Gauck nennt Monnet. Leider aber hat er nicht von ihm gelernt. „Nichts ist möglich ohne die Menschen, nichts dauerhaft ohne Institutionen,“ das war Monnets Credo, das noch heute richtig ist. Der Schlüssel zur Bewältigung der aktuellen Probleme liegt vor allem in der institutionellen Ausgestaltung Europas!
Es wird immer schwerer Auswege aus der zunehmenden Intergouvernementalisierung zu finden. Insofern fällt es mir schwer zu verstehen, warum unser Bundespräsident feststellt, dass wir in mitten „dieser Diskussionen und nicht an ihrem Ende“ stehen und das wir „gemeinsam und in aller Ausführlichkeit die grundlegenden Fragen zur Zukunft des europäischen Projekts“ diskutieren müssen, ohne im folgenden auch darüber zu sprechen, wie wir dieser Diskussion Struktur geben können.

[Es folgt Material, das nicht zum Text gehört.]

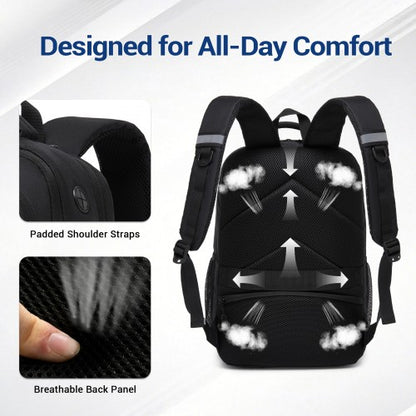 Black backpack comfort features highlighting breathable mesh back panel and contoured padded shoulder straps for all-day wear
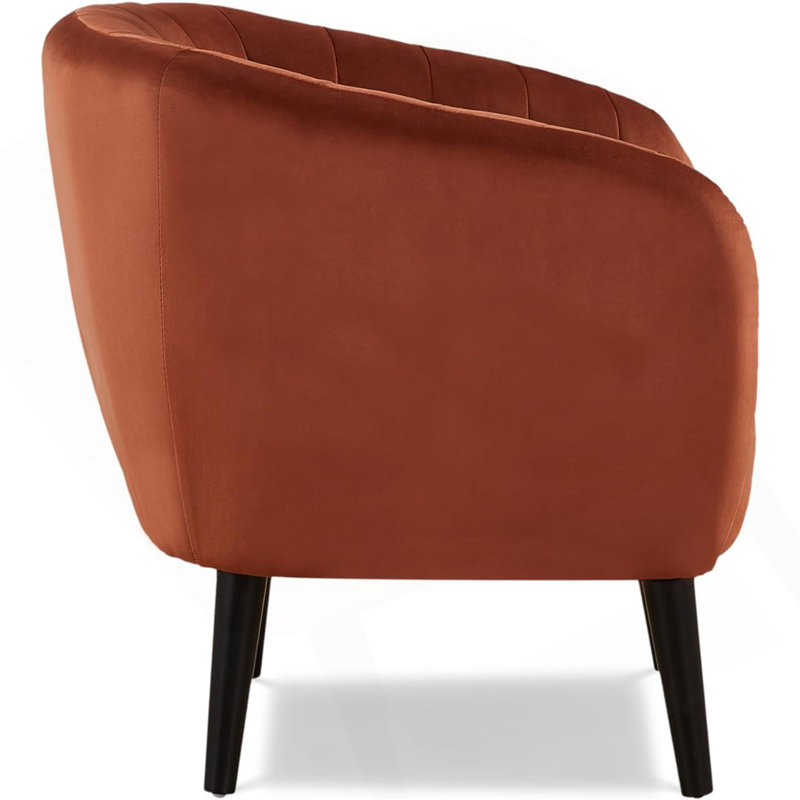 Chaise d'appoint moderne orange avec motif en tonneau et capitonnage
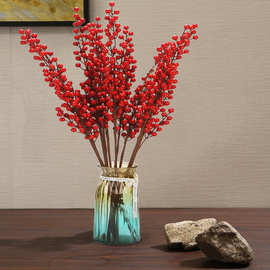 批发婚庆用品仿真柿子枝大石榴枝福桶装饰花婚礼场景布置摆件道具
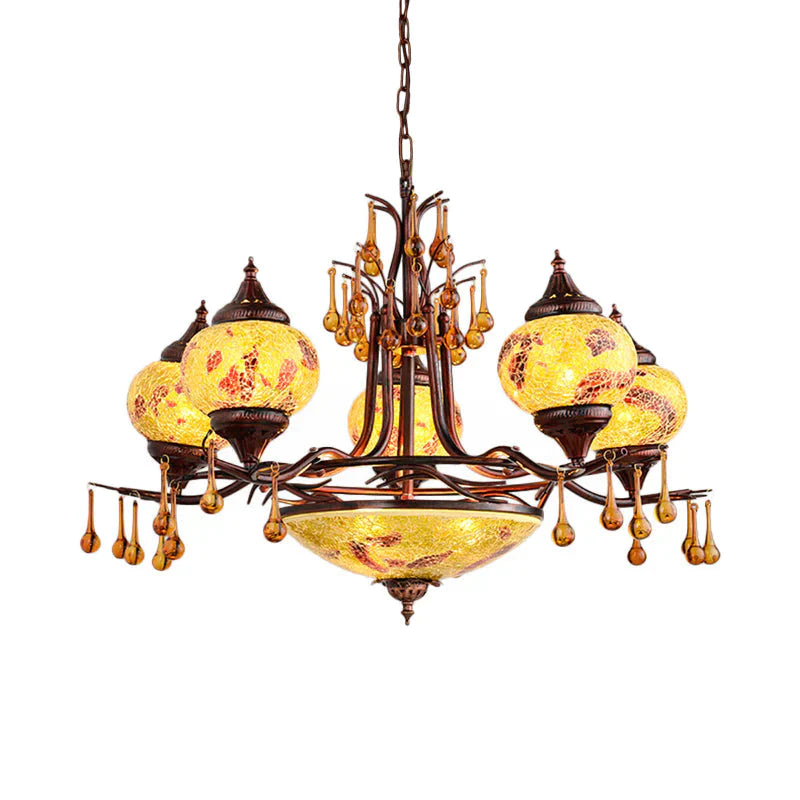 Blue/Yellow 8 Lights Chandelier Lighting Fixture Moroccan Stained Glass Globe Hanging Ceiling Light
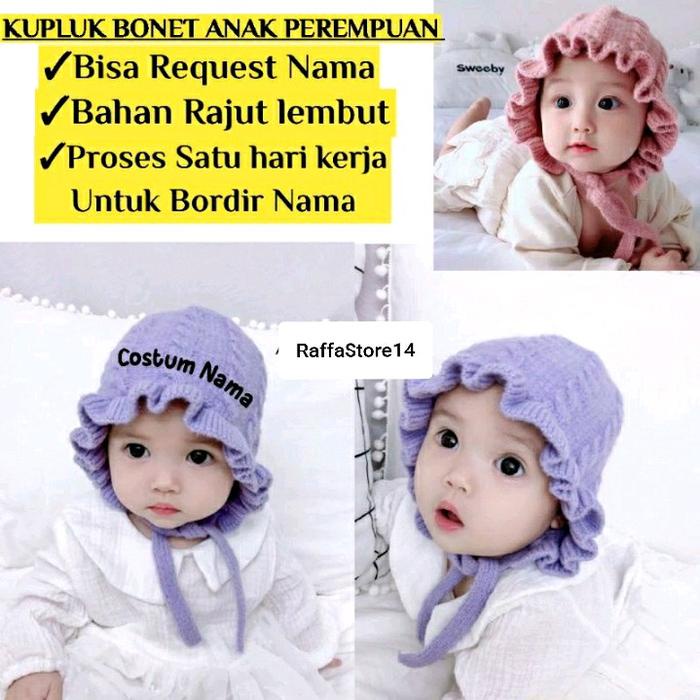 Kidelle- Kupluk Bonet Anak perempuan Bisa Bordir Nama / Topi Bayi Rajut Anak Free Bordir Nama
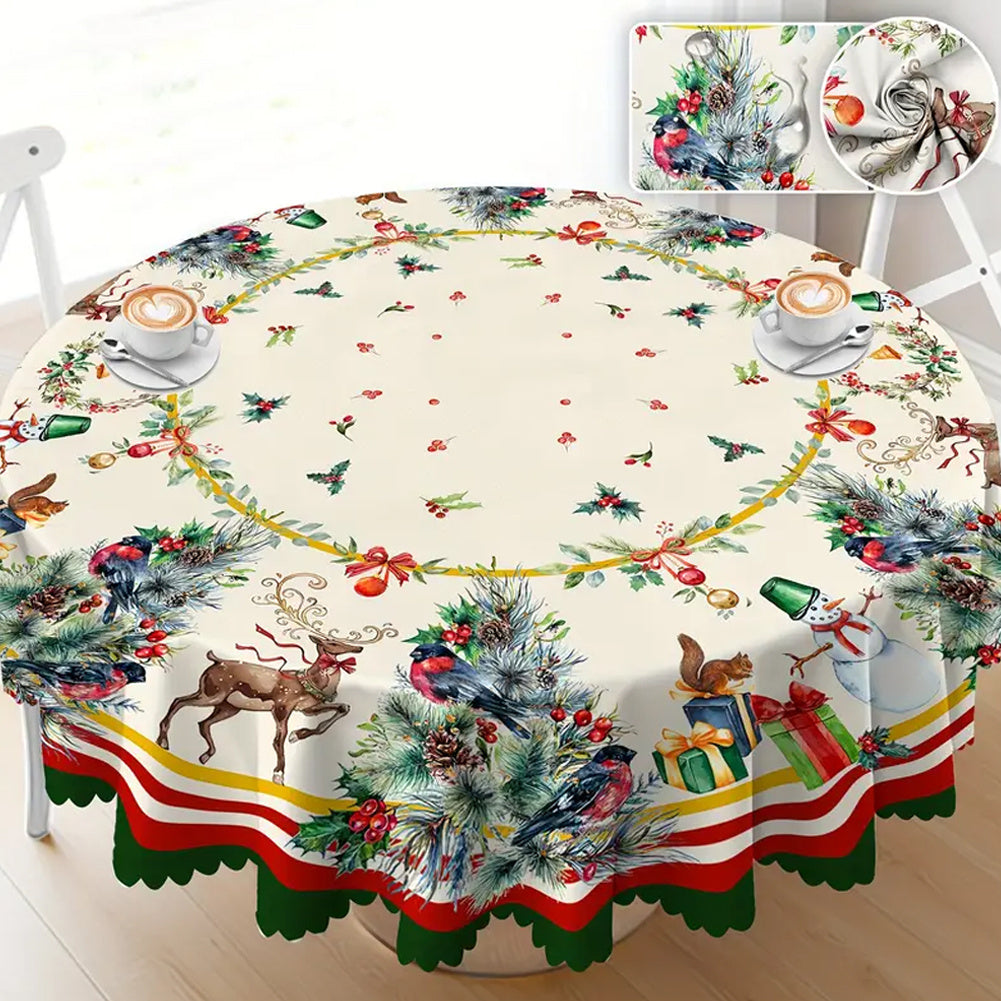 Round Party Atmosphere Dining Room Practical Dirt Resistant Christmas Tablecloth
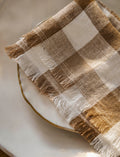 Lovatt Checked Napkins - Linen, Truffle, Set of 4
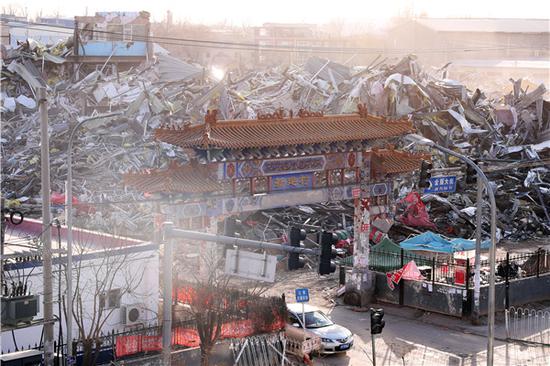 Work crews have demolished many unsafe buildings in Beijing's Daxing district as part of a safety campaign launched after a fire in Xinjian'er that killed 19 people on Nov. 18. (Zou Hong/China Daily)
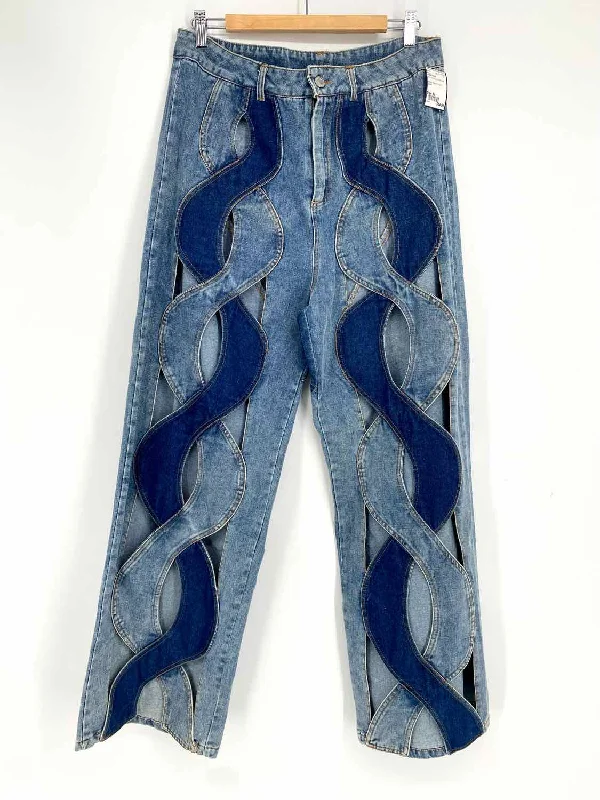 GOLD TRANS Women's Blue Wide Leg Size XL Jeans Elegant High-Waisted Flared Jeans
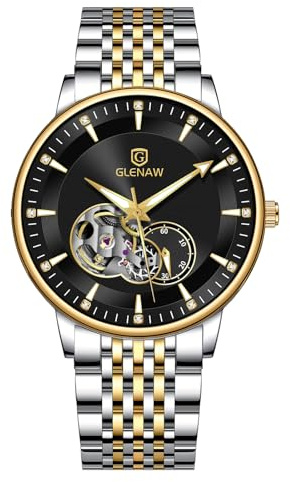 GLENAW Uhren für Herren, Tourbillon, Skelett, leuchtend, luxuriös, mechanisch, selbstaufziehend, wasserdicht, für Herren
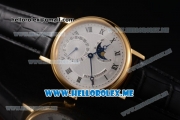 Breguet Classique Moonphase Miyota 9015 Automatic Yellow Gold Case with White Dial Black Leather Strap and Roman Numeral Markers (EF)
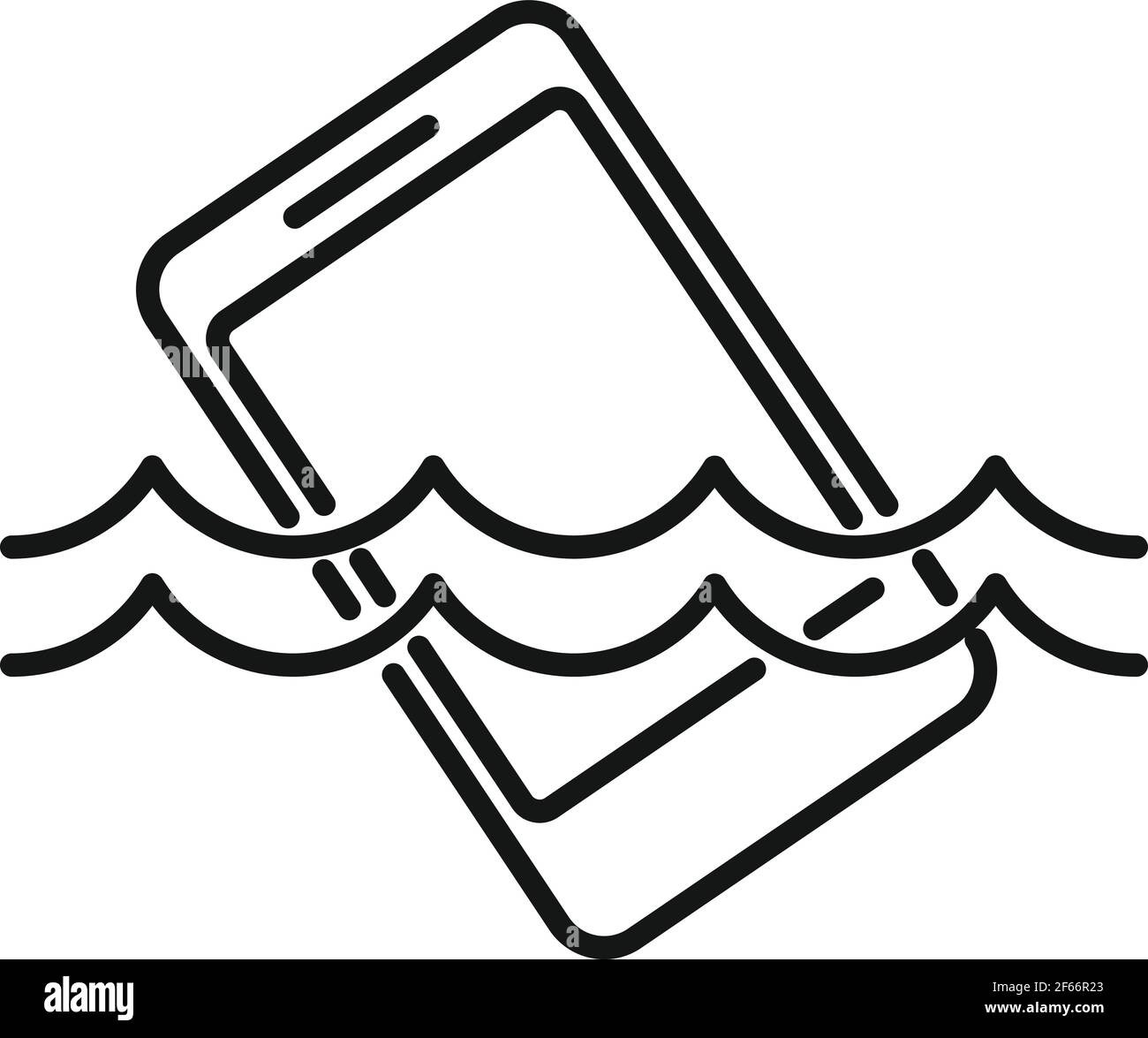 Smartphone underwater icon, outline style Stock Vector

Ein Diskurs, der im wesentlichen über die Politikressorts und das Feuilleton (oder ein gesamteuropäisches Arte) geführt wird, reichte nicht aus, um zu Ergebnissen zu gelangen. Die Forderung nach einem neuen Konvent wäre naheliegend gewesen, aber selbst diese Chance wurde von unserem Bundespräsidenten vertan.
„Mehr Europa wagen“, das sieht anders aus!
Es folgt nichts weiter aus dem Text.